Is a <4% space reduction really worth the effort? This idea gave more
impressive savings back when we have 64 byte I values...
- Some of our internal functions have fairly generic names (e.g.
get/put_bigendian). We should go through, and give them names that are less
likely to conflict with other functions we're linked with. This is one
place where C++ namespaces would be nice...

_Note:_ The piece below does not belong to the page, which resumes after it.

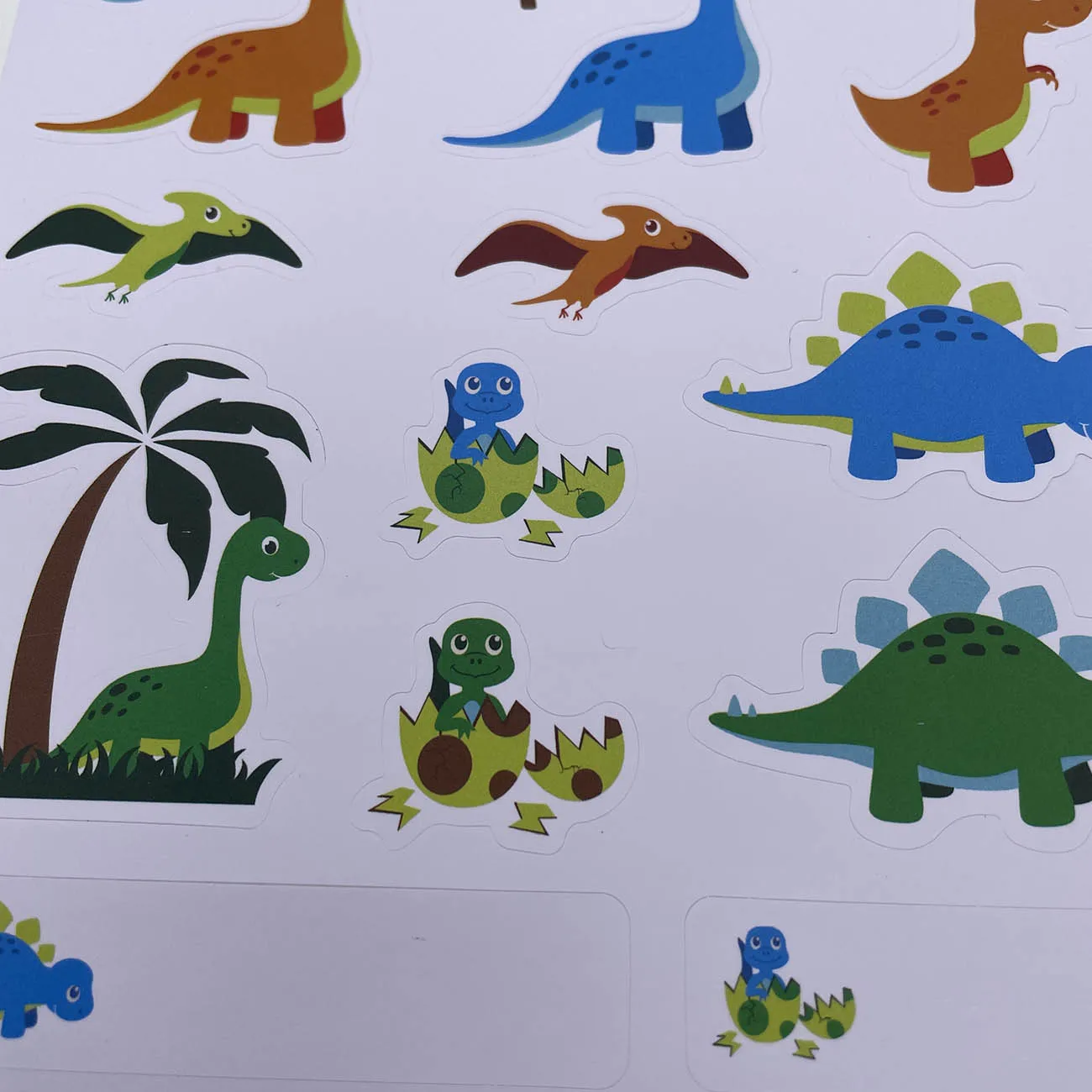 Art Half  Custom Decorative Sticker Personalized Animal  Sticker Sheets Kiss Cut Logo Stickers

- Some of the computation for a signing operation could be precomputed; we
could implement an API that says "call this during idle time, and your
next siggen will be cheaper". I personally wouldn't expect a lot of call
(pun intended!) for this sort of thing (and, in any case, we can't
precompute the OTS signature of the message, hence there are limits to how
much benefit we can give). And, maxing out the memory allowed in a working
key gives most of the same benefit...
- We have starting building some regression tests; we should do more
- We support incremental signing; there is a potential security problem. If
the caller plays games, he can cause bad things to happen; a) if he modifies
the signature between init and final, he could trick us into reusing an OTS
signature index, and b) if he copies the context, he could trick us in using
the same index to sign two different messages. The first would be fairly
easy to block (generate a MAC of the parts of the signature we care about,
and store that in the ctx); the second is harder. The only thing I can
think of to block it would be to have the working_key track those signature
indicies it has issued incremental signatures for, and are still pending
(this would block the first attack as well). That would likely require
dynamic memory allocation (unless we put a tight cap on the maximum number
of contexts that could be pending). My question is: should we go to that
extent? After all, we already need to trust the application already (as we
allow them to sign anything they want, using the API).
- Should we have better protection against the application accidentally
passing in an uninitialized/freed buffer as a hss_working_key, or a
hss_*_inc context structure? Right now, the value we use to say 'this is a
good structure' is 0 (hss_error_none), which is far too likely a value to
be seen in an uninitialized buffer. Should we also include a magic value
as well, for some simple validity checking? Something like that certainly
wouldn't be fool-proof; however it might catch some simple mistakes.
- Right now, we pass the update_private_key to every hss_generate_signature
operation. Would it make more sense to pass it instead when we
hss_load_private_key, and just store it in the working_key? Would it
make sense to use the same context for read_private_key and
update_private_key?
- Right now, hss_extra_info has a last_signature flag. Would it be more
useful to have a 'signatures_remaining' count instead (and when it hits
0, that'd mean we just wrote the last signature)?